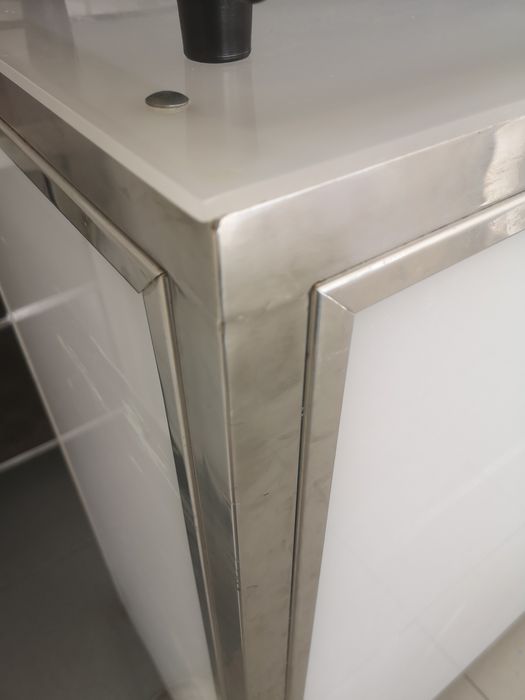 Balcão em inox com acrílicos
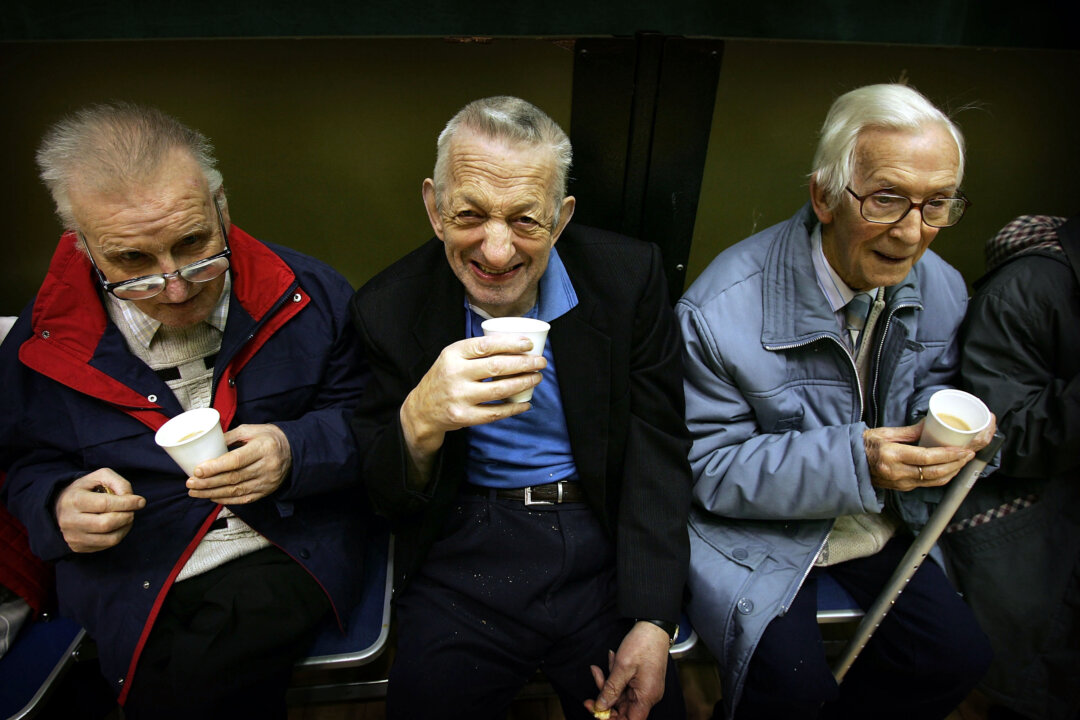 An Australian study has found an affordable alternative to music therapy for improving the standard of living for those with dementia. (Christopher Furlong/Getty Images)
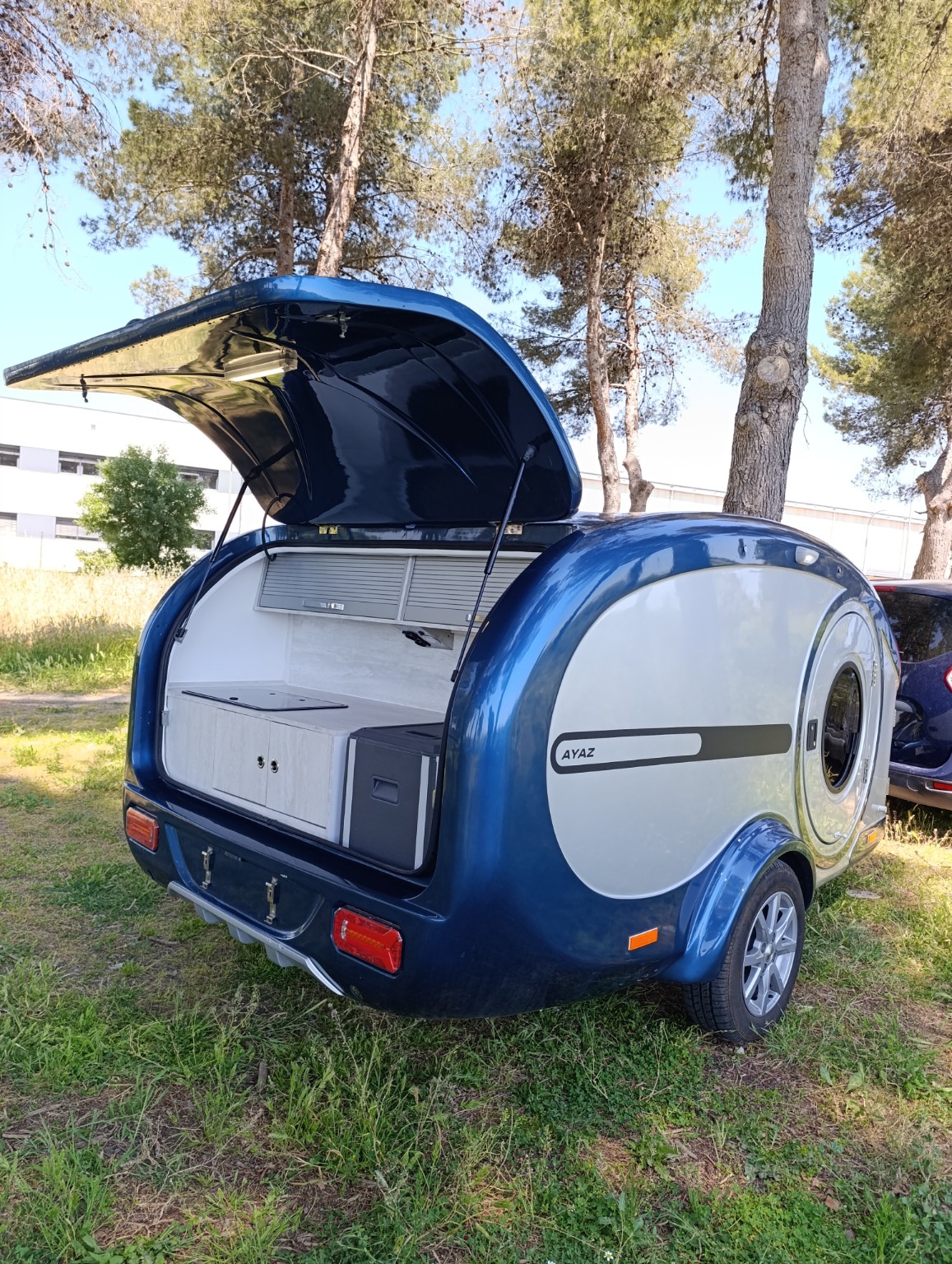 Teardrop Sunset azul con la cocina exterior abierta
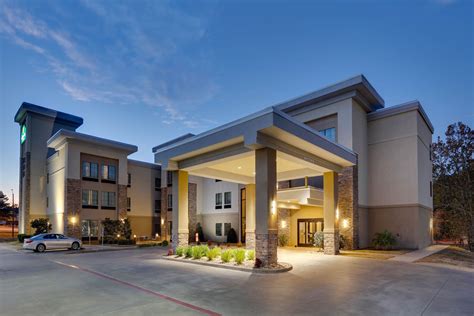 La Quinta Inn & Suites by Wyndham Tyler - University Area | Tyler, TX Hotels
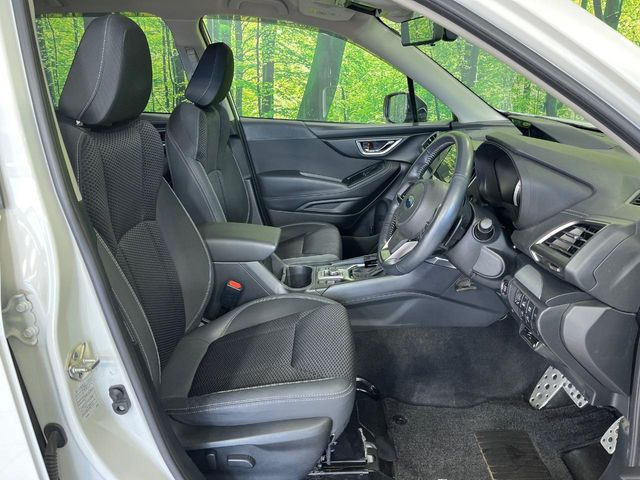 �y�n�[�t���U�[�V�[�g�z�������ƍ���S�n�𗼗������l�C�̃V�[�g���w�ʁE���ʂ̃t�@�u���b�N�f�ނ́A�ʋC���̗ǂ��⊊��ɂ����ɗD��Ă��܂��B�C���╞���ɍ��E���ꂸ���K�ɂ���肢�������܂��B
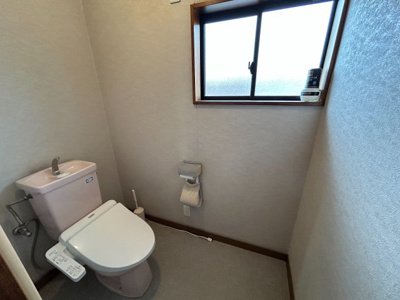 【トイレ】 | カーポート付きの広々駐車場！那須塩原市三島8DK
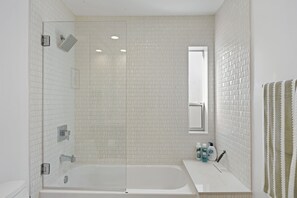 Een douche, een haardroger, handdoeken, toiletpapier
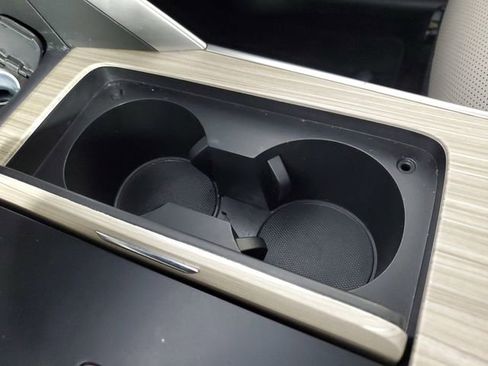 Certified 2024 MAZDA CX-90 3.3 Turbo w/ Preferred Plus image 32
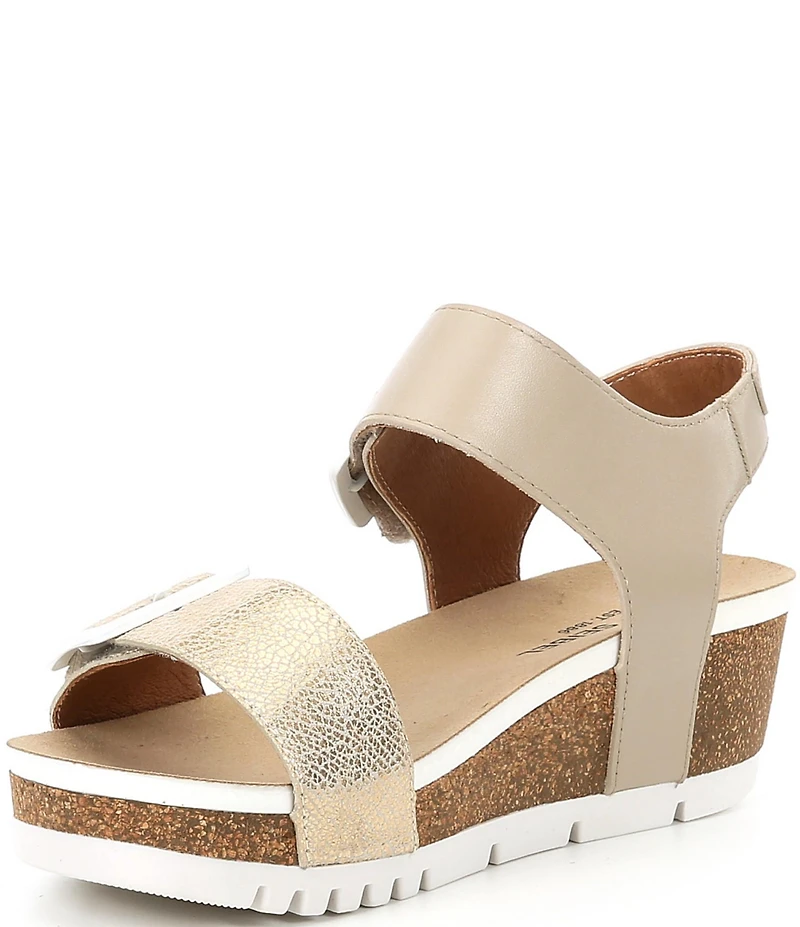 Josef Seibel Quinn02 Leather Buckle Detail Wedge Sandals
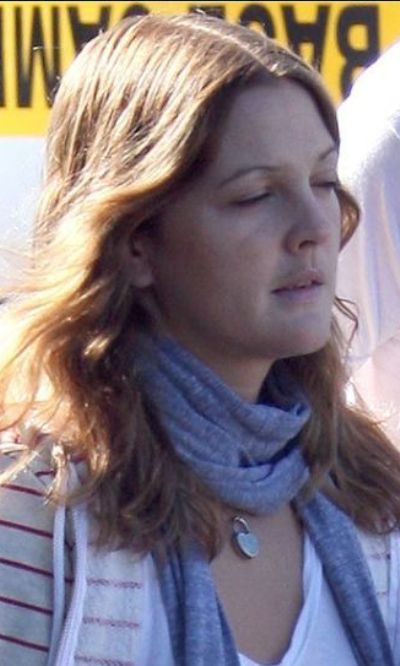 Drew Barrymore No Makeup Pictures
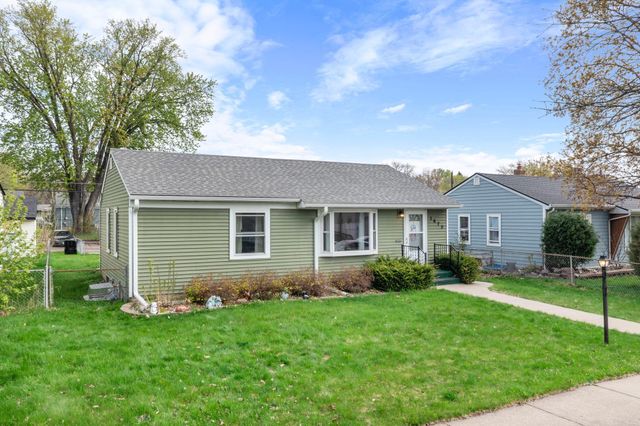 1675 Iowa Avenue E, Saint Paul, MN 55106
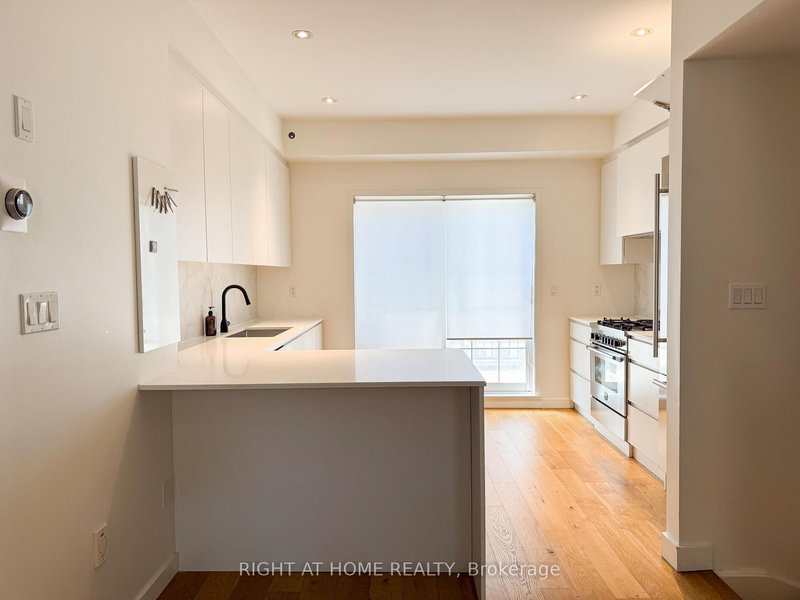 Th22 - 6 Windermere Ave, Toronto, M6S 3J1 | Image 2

—————

Since the pictures are not wanted, set down only the rest of each record, exactly as above.

 Balcão em inox com acrílicos
 An Australian study has found an affordable alternative to music therapy for improving the standard of living for those with dementia. (Christopher Furlong/Getty Images)
 Teardrop Sunset azul con la cocina exterior abierta
 La Quinta Inn & Suites by Wyndham Tyler - University Area | Tyler, TX Hotels
 �y�n�[�t���U�[�V�[�g�z�������ƍ���S�n�𗼗������l�C�̃V�[�g���w�ʁE���ʂ̃t�@�u���b�N�f�ނ́A�ʋC���̗ǂ��⊊��ɂ����ɗD��Ă��܂��B�C���╞���ɍ��E���ꂸ���K�ɂ���肢�������܂��B
 【トイレ】 | カーポート付きの広々駐車場！那須塩原市三島8DK
 Een douche, een haardroger, handdoeken, toiletpapier
 Certified 2024 MAZDA CX-90 3.3 Turbo w/ Preferred Plus image 32
 Josef Seibel Quinn02 Leather Buckle Detail Wedge Sandals
 Drew Barrymore No Makeup Pictures
 1675 Iowa Avenue E, Saint Paul, MN 55106
 Th22 - 6 Windermere Ave, Toronto, M6S 3J1 | Image 2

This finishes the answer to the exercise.